Un patient avec un AIT n’a pas à rester à l’hôpital, il doit être vu par un neurologue et faire des tests supplémentaires. Cela peut se faire dans un délai assez court : on estime qu’ils resteront à la clinique entre trois et quatre heures. Nous avons un accès privilégié aux urgences IRM. Une de nos premières patientes en est décédée aujourd’hui, trente minutes après son arrivée dans notre immeuble. Ils rentrent ensuite chez eux avec un traitement, qui fluidifie essentiellement le sang pour prévenir les accidents vasculaires cérébraux.

Nous savons qu’une personne sur quatre ayant subi un AVC a déjà eu un AIT. Il y en a donc un qu’on aurait pu éviter sur quatre. Et si on prend en charge un AIT (Examen d’Urgence et Traitement Préventif), on prévient un autre AVC dans 80% des cas, ce qui est énorme.

Qui vous réfère ce patient ?

Les patients ne peuvent pas s’appeler eux-mêmes. Ce sont les médecins qui nous appellent ou le 15, ou SOS médecins. Nous avons mené toute une campagne d’information auprès des médecins de France métropolitaine (médecins généralistes, régulateurs Samu, cardiologues) et nous leur avons transmis notre ligne directe. Dès l’ouverture, nous avons déjà eu plusieurs appels téléphoniques.

Nous pouvons accueillir cinq à six patients à la fois et nous pouvons facilement estimer la prise en charge d’une quinzaine de personnes dans la journée. Une infirmière expérimentée du service de neurologie répond aux appels des médecins et accueille les patients. C’est un projet auquel les infirmières du service ont adhéré et qui les a enthousiasmés. Le docteur Pierre Briau, assistant médical, est également associé à la clinique.

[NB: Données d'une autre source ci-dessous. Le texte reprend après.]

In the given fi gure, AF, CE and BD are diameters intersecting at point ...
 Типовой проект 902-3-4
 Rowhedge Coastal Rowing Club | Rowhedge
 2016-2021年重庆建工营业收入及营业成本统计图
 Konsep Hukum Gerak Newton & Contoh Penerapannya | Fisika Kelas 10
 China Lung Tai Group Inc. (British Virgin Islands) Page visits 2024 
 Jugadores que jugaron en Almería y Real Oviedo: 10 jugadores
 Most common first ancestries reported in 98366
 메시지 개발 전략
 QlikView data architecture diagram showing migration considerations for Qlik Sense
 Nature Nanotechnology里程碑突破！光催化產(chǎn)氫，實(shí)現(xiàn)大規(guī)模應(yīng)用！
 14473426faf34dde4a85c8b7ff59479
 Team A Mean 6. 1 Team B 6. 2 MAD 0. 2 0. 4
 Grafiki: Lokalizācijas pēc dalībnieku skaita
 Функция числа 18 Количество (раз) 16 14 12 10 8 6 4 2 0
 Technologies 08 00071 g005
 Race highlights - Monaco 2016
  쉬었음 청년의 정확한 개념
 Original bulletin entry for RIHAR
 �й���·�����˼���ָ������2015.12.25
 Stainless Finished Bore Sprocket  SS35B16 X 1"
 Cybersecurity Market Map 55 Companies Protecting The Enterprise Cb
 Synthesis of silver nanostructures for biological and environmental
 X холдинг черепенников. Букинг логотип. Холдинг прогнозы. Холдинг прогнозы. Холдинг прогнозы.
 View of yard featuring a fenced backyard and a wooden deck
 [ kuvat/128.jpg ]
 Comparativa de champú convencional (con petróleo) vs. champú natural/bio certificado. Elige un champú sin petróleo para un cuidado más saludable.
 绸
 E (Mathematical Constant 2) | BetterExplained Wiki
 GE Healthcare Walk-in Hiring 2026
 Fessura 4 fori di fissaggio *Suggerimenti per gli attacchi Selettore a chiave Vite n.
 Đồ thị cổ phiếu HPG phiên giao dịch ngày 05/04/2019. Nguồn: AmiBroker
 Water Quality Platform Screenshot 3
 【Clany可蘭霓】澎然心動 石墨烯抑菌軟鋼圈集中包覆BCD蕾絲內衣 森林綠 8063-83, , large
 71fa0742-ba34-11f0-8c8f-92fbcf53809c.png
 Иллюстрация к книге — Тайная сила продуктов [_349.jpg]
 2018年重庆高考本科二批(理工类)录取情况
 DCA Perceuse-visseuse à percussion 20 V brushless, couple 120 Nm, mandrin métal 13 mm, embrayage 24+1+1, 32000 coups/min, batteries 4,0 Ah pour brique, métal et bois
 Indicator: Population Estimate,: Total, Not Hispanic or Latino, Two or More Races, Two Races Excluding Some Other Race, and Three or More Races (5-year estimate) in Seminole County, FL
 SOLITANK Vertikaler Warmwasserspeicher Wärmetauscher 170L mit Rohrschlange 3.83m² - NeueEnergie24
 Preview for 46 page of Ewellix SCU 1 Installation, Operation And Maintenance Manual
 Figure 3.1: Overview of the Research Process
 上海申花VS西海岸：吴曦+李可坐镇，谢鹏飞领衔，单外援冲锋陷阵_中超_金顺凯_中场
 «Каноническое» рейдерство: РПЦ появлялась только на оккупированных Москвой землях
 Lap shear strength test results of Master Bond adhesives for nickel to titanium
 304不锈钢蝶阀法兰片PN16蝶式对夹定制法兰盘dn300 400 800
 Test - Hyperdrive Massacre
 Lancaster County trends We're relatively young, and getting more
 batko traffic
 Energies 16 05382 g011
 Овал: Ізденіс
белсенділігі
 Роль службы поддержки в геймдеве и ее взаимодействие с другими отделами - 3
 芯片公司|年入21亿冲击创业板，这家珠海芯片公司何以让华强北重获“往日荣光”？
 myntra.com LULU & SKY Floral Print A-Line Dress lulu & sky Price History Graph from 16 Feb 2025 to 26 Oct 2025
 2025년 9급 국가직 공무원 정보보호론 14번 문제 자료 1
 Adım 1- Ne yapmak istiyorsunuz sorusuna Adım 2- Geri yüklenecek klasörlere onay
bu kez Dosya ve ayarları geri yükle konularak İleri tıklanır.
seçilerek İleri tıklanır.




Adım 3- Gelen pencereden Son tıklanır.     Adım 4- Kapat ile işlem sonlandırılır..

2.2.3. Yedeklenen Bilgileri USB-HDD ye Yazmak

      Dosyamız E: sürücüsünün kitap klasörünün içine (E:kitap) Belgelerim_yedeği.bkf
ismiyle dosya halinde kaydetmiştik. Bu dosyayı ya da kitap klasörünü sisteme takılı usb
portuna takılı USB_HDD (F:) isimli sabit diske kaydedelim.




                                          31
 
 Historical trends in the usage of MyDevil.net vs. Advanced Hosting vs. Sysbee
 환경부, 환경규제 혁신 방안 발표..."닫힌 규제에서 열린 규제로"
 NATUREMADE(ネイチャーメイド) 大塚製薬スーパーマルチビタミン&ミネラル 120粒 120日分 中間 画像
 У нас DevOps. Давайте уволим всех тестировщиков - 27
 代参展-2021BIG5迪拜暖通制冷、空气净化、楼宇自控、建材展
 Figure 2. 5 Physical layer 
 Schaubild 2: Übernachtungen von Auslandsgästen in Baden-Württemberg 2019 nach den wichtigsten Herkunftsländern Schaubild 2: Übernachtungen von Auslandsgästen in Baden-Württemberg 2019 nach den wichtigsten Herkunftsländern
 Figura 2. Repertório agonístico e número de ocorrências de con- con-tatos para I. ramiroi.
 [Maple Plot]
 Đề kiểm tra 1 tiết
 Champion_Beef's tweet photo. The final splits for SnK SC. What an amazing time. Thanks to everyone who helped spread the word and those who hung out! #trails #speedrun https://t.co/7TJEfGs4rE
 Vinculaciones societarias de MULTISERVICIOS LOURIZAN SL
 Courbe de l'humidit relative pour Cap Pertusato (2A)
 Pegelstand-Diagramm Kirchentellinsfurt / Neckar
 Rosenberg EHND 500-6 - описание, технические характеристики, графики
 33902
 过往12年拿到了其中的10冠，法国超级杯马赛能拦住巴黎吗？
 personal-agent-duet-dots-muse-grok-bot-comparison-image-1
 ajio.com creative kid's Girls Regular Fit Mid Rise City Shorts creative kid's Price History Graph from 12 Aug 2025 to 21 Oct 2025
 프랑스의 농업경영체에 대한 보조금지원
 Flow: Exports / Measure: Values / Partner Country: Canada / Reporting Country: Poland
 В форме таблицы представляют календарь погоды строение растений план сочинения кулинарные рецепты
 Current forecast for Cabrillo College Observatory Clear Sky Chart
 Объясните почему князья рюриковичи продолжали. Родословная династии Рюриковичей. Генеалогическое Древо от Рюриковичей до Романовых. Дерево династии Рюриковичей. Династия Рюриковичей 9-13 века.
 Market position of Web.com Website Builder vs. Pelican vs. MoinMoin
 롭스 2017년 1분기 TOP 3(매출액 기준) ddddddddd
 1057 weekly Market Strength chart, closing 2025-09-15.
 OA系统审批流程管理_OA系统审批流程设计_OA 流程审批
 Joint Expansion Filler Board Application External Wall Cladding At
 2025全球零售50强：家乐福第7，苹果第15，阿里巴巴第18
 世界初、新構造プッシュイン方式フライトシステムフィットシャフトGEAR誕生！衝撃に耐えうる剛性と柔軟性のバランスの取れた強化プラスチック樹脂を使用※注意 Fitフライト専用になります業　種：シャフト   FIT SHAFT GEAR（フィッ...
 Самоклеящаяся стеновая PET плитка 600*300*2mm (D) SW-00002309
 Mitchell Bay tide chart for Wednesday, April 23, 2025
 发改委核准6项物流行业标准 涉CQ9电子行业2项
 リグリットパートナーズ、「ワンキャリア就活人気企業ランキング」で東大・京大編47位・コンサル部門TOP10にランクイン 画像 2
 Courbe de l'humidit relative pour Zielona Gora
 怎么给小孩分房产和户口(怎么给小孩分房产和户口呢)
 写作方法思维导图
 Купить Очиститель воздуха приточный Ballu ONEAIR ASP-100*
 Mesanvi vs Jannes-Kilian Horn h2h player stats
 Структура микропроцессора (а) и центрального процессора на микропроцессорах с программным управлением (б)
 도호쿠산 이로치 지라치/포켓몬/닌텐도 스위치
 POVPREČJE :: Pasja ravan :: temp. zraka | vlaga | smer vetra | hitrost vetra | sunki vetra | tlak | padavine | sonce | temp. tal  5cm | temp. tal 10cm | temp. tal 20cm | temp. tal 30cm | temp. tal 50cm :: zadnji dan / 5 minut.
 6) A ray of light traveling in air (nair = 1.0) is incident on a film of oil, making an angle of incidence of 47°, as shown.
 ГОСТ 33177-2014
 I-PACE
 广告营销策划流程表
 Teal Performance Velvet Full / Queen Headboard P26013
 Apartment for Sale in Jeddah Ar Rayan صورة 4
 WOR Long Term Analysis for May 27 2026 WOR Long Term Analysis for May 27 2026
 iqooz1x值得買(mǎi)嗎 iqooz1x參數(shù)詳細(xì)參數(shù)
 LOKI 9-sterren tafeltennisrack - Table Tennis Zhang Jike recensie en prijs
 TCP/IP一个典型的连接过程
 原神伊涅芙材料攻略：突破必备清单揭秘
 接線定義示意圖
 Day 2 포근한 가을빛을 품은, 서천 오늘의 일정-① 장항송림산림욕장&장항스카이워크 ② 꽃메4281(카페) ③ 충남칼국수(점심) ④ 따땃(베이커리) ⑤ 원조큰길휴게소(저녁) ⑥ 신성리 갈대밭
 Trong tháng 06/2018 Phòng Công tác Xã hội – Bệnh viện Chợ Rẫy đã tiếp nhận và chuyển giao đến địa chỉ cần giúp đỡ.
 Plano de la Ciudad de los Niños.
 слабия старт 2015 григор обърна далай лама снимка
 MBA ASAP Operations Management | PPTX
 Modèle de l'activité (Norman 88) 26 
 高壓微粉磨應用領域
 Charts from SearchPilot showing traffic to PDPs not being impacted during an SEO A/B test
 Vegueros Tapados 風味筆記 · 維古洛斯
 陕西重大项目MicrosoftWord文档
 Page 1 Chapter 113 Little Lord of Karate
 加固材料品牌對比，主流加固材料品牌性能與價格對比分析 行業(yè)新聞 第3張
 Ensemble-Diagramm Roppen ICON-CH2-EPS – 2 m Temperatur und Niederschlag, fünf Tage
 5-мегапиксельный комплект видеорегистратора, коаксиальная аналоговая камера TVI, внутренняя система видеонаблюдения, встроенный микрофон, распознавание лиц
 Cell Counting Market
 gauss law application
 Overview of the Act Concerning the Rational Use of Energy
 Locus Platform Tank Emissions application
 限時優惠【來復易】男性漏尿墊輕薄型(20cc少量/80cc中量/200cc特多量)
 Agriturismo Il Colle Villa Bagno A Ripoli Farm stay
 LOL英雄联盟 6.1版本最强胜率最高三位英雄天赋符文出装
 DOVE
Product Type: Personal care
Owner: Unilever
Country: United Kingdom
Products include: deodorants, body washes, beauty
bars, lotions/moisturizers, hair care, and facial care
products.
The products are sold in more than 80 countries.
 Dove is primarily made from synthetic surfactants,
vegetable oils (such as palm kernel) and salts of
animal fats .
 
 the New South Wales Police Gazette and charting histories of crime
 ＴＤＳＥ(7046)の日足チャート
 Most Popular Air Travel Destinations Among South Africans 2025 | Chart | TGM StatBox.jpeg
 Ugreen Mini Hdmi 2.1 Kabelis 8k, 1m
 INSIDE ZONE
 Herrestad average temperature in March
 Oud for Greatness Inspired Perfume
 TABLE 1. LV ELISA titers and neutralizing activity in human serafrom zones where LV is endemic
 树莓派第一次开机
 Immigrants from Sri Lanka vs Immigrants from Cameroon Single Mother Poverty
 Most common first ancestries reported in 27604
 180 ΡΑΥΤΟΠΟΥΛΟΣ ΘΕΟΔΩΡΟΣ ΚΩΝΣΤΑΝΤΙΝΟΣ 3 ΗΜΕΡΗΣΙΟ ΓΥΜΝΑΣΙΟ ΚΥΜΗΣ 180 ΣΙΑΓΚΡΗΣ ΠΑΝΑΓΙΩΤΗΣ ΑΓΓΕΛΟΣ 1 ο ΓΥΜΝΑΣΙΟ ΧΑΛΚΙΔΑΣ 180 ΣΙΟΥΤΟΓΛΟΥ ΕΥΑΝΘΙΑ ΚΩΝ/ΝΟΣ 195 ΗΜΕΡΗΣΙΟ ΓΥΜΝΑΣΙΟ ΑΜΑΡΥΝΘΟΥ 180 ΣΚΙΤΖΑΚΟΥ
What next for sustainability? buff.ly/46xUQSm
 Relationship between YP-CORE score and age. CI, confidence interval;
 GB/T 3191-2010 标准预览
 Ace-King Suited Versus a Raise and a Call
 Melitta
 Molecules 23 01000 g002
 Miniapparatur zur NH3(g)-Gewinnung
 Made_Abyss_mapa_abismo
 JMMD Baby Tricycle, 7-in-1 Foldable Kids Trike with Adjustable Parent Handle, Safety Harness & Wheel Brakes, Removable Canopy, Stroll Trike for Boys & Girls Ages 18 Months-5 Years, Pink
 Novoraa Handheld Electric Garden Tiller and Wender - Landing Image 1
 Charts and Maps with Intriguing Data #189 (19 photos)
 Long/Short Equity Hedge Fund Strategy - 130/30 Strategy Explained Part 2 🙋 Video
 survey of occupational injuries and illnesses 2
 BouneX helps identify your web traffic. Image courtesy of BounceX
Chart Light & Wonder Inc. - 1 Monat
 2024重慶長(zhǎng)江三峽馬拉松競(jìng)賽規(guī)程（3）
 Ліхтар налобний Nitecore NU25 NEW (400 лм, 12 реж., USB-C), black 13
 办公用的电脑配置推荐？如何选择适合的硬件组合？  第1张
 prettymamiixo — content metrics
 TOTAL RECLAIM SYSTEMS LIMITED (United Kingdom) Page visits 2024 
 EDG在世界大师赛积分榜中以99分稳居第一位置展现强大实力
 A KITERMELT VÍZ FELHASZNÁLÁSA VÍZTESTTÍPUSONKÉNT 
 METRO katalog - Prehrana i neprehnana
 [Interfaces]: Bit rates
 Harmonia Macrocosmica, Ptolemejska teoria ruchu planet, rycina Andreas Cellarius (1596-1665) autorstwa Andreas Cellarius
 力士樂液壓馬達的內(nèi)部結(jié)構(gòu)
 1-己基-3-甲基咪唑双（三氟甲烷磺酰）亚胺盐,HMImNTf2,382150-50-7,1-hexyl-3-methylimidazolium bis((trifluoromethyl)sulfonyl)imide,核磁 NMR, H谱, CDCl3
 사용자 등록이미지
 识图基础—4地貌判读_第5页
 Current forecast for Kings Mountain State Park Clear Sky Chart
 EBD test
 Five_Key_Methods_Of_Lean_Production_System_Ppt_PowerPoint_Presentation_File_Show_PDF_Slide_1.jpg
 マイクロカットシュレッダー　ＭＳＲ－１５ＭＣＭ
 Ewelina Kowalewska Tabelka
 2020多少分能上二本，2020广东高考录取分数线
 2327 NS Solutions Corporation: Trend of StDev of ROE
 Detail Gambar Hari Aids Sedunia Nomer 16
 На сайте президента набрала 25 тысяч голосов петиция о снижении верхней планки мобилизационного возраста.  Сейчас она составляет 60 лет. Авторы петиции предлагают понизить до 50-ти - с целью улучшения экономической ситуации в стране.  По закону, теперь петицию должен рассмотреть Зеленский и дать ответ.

Le but est d’avoir une petite structure, mais qui permette d’inventorier cet AIT en cas d’urgence.

Comment le patient se présente-t-il à la clinique après avoir été référé par son médecin ?

Le patient devra se présenter à la clinique, de préférence seul s’il peut être accompagné d’un proche. Il ne sait pas conduire, c’est certain. S’il n’y a pas d’escorte, une ambulance sera envoyée.

Les horaires d’ouverture correspondent à ceux d’un hôpital de jour : du lundi au vendredi de 9h à 18h30. Ce sont des pathologies qui se soignent le jour et, bien sûr, les moyens sont aussi plus difficiles à placer la nuit et le week-end.

Les besoins semblent importants et dépassent le périmètre de l’agglomération, la structure pourra-t-elle grandir ?

Aujourd’hui nous sommes limités à Bordeaux Métropole, mais dans un second temps, si la structure fonctionne bien et que nous pouvons l’agrandir en déployant plus de personnel, nous pouvons élargir la zone de recrutement. Nous sommes évalués tous les six mois par le CHU qui soutient cette initiative depuis le début. Cette clinique contribuera à désengorger les urgences en jouant un rôle régulateur : les AIT seront mieux gérés et il sera parfois possible d’éviter le passage de certains patients aux symptômes un peu aberrants.